Esprit wurde schon einmal bewertet – doch das gilt als längst überholt

Klar ist aber: Der Preis für Esprit dürfte durch die erneute Schieflage deutlich gesunken sein, die Marke ist beschädigt. In einem Schutzschirmverfahren vor vier Jahren, ausgelöst durch die Corona-Krise, hatte ein Gutachten den Wert des jetzt von der Pleite betroffenen Esprit-Geschäfts noch auf einen dreistelligen Millionenbetrag geschätzt. Nun wird davon vermutlich nur noch ein Bruchteil zu bekommen sein.

Als zweiter wichtiger Punkt bei den Investorengesprächen gilt die Frage, wie viel Personal der neue Eigentümer mit übernimmt. Die bislang von Esprit kommunizierte Zahl von gut 1500 Mitarbeiterinnen und Mitarbeitern in Shops und Hauptverwaltung in Ratingen bei Düsseldorf ist zwar inzwischen überholt, da einige Beschäftigte aufgrund der Schieflage der Firma längst das Weite gesucht haben. Dennoch ist das Esprit-Ziel, dass möglichst viele Angestellte auch bei einem Neueigentümer eine Zukunft haben. Fraglich, ob Alteri oder P&C da mitspielen. Bislang jedenfalls sollen sich beide infrage kommenden Geldgeber zurückhaltend mit Blick auf die Übernahme des gesamten Personalbestands des Modehändlers geäußert haben.

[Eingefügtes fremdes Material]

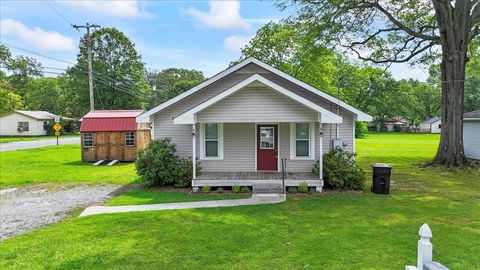 114 NW Morgan Ave Cullman AL 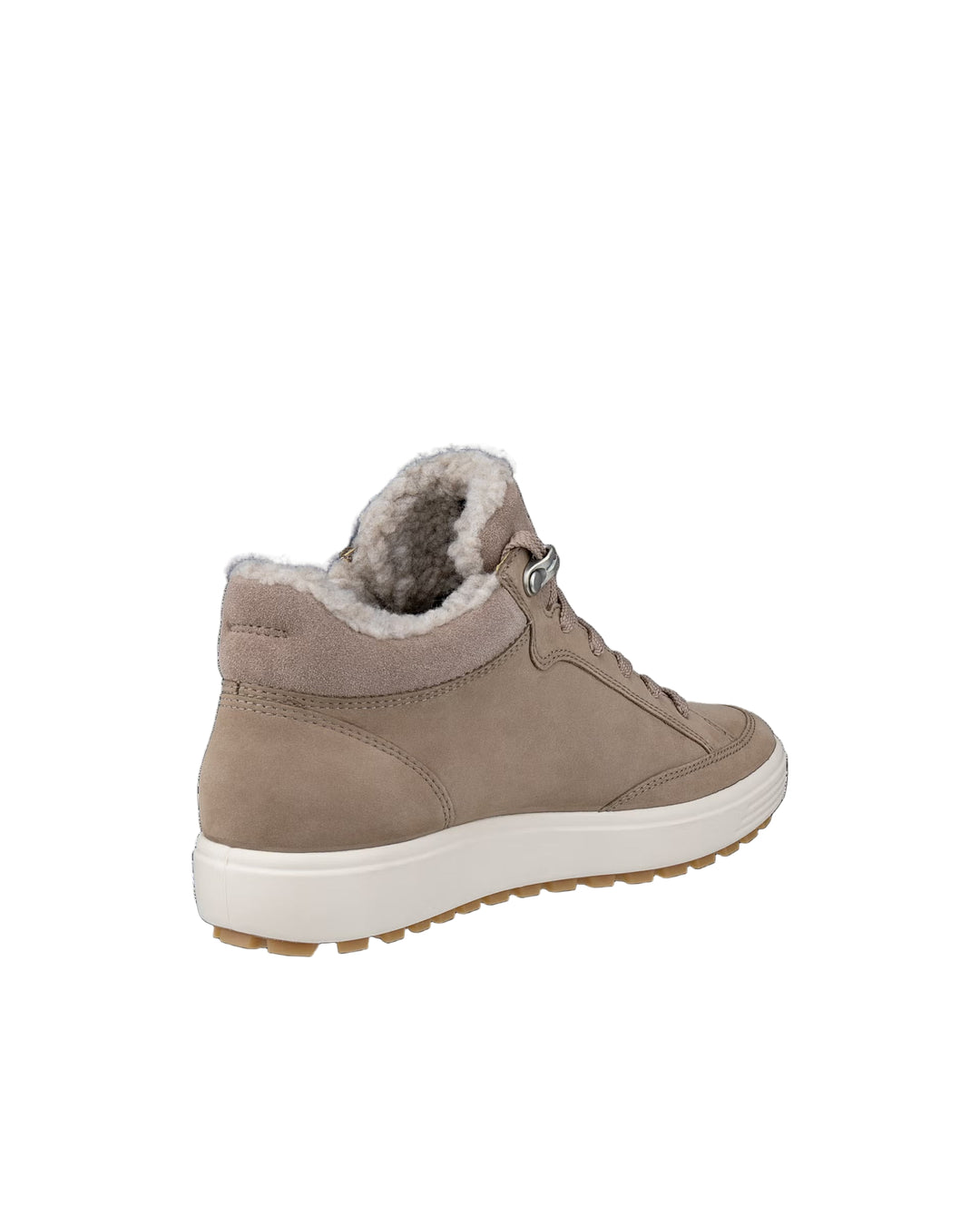 ecco soft 7 tred women's | brown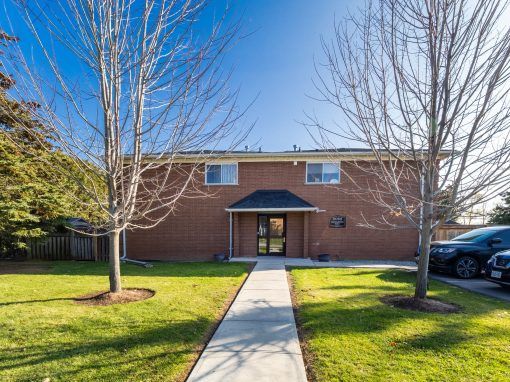 Unit 4 – 2069 MEADOWBROOK RD, BURLINGTON, L7P2A3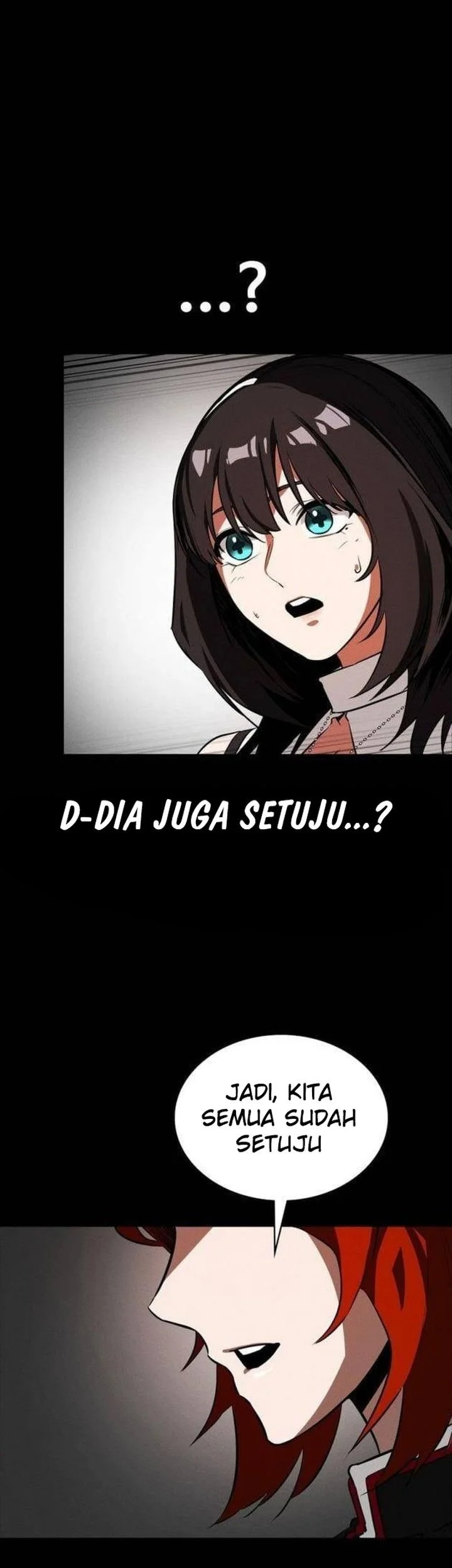 Day Walker Chapter 69 Gambar 40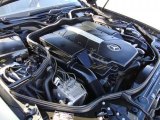 2004 Mercedes-Benz E 500 4Matic Wagon 5.0L SOHC 24V V8 Engine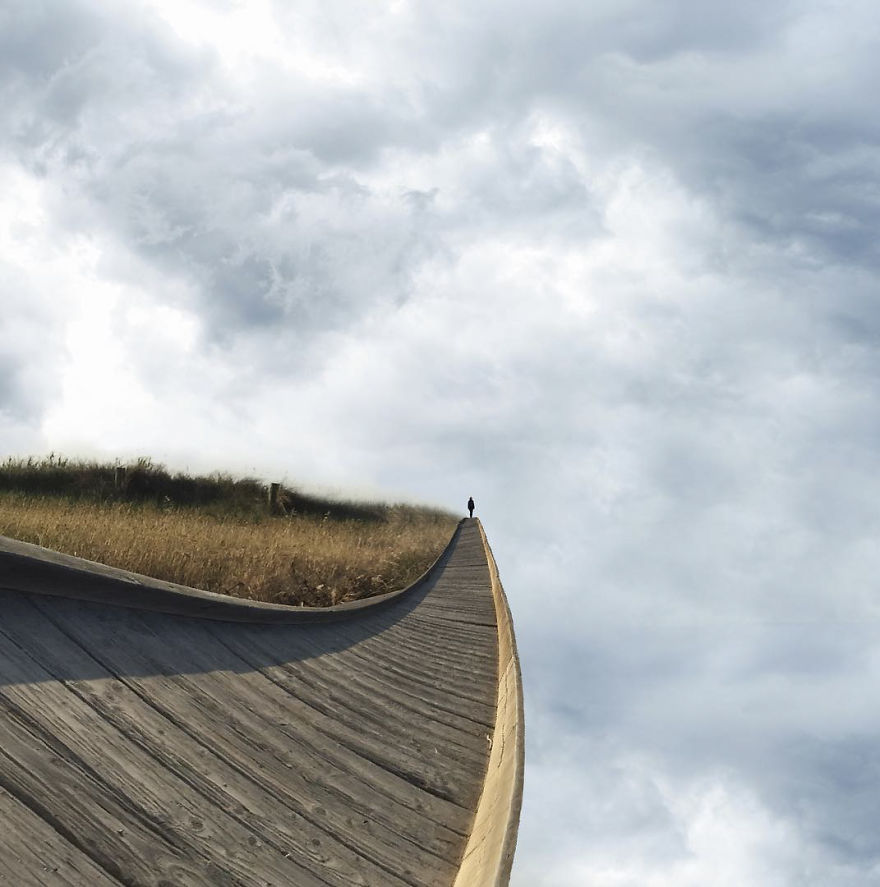 I Challenge Reality To Make Dreams Come True I Challenge Reality To Make Dreams Come True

Geschäfte von Esprit: Erste Mietverträge sind bereits gekündigt worden

Esprit hatte Mitte Mai Insolvenz angemeldet. Konkret in Schieflage ist die Esprit Europe GmbH, die als Obergesellschaft für Esprit-Firmen in Deutschland, Frankreich, Belgien, Österreich, Skandinavien, Polen und Großbritannien fungiert. Eigenen Angaben zufolge betreibt Esprit 56 eigene Läden in Deutschland. Dort, wo es ging, waren zuletzt Mietverträge bereits gekündigt worden. Mit einer Entscheidung, wie und ob die Esprit-Gesellschaften eine Zukunft haben, wird Anfang der kommenden Woche gerechnet. Beobachter sehen nach wie vor in Alteri die wahrscheinlichste Option für eine möglicherweise bessere Zukunft von Esprit in Europa.